Building wealth is about more than just working hard. Yes, working hard and succeeding in your career is important — but the wealthiest among us know that becoming truly successful isn’t something you can do just by collecting a salary. What you do with your money matters, too, and what you should do with it is invest it.
Investing gives you the chance to grow your nest egg into a fortune. But investing can be confusing to a lot of folks, which may be part of the reason that only about half of all Americans own any stock.
Investing in stocks can mean everything from using spare cash in a passive investing strategy to going all-out day trading penny stocks. Here’s what you need to know about stocks.
Investing 101: Basic growth for passive investors
When you save money, you’re building a nest egg for your future. But saving alone isn’t enough. Thanks to inflation, the dollars that you save today will be worth less than they are now by the time you retire. So what can you do?
You need to find a way to beat inflation — a way to get more interest on your money than you would lose because the reduced value of each dollar and cent. A savings account — not only a checking account — is a start, but the real power comes from investing.
The stock market tends to increase in value over time, which means that cautious and beginning investors can do pretty well by simply investing in index funds and large, low-risk (and low-reward, of course) “blue chip” stocks. A “buy and hold” strategy is a good beginning move for investors: Just get some stock and hold onto it, trusting the market to go up over time.
Dirty details about stocks
Of course, stocks aren’t quite as simple as we just made them sound. They reflect the market’s opinion of the value of a given company. That assessment can go up and down for individual stocks, and the entire market can fluctuate, too.
Buy-and-hold investors trust the market to go up in the long term and resign themselves to simply weathering market downturns. More aggressive investors, however, will try to time their moves to ride big market booms and avoid downturns. They’ll also pick out individual stocks that they believe in.

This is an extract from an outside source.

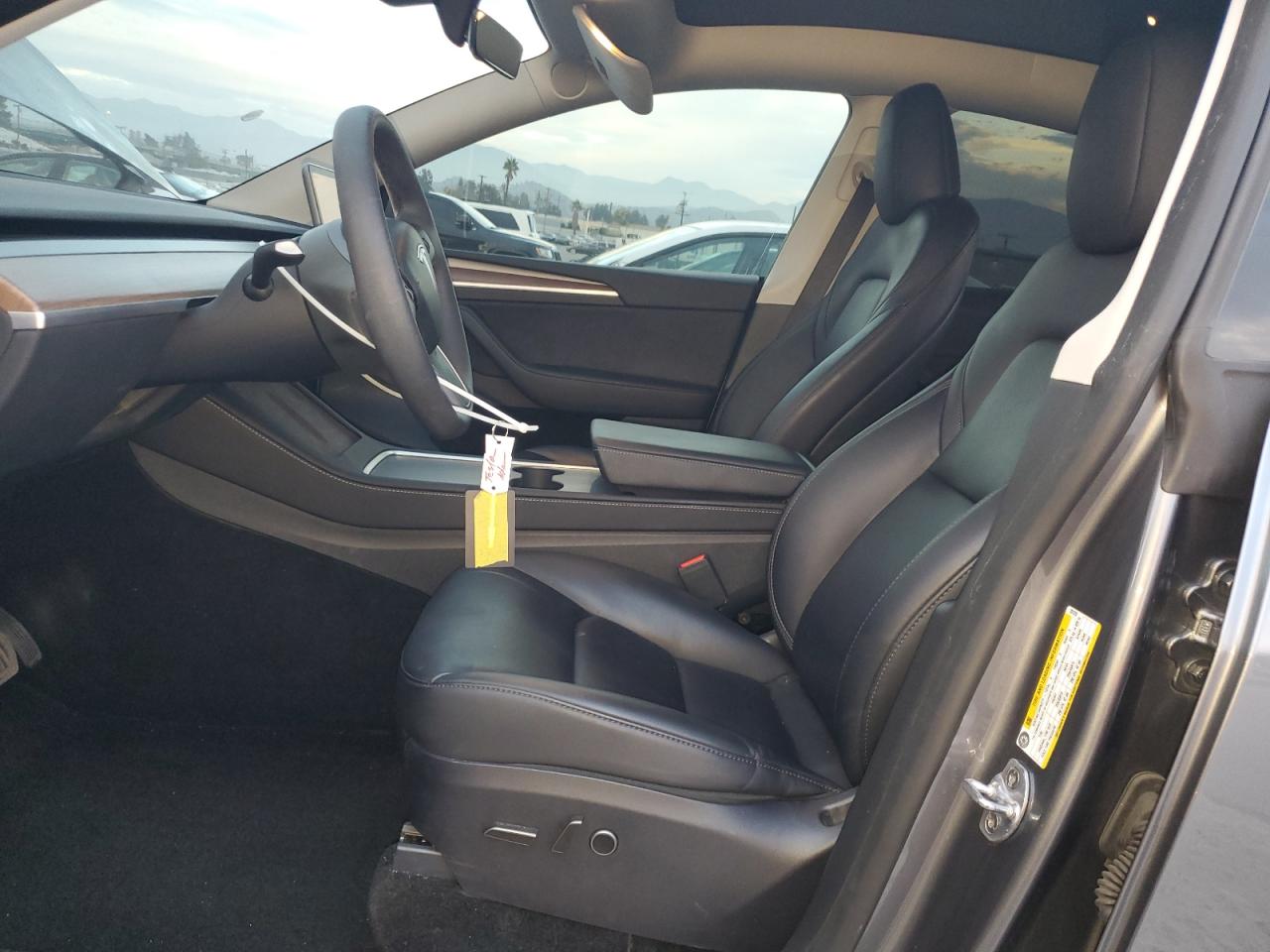 Tesla Model Y Image 10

Investors can even “short” stocks that they don’t believe in. Shorting involves promising to sell stocks you don’t own for a given price. If the stock price drops, you can snap it up for less and sell it right away for the (higher) agreed-upon price. That’s an instant profit. Of course, if the stock goes up, you’ll have to lose money to complete the agreement.
Big risks and big rewards
Serious investors may even dabble in so-called “penny stocks.” Penny stocks are low-priced stocks that, because of their small size and low value, can be extremely volatile. Because risk and reward are tied together in the stock market, the opportunities in penny stocks can be huge.
There are dangers, too, of course, which is why you’ll find that investors are more likely to be day trading penny stocks than buying and holding them in passive accounts. You need to know your stuff and be active to make cash in penny stocks!
But that’s precisely the point, of course. The stock market affords different opportunities to different people. If stocks aren’t your thing, a financial adviser can help you set up a balanced portfolio for slow and steady growth. But if a more aggressive approach suits you, you can and should consider learning more and perhaps even becoming a day trader. Whatever you choose, good luck!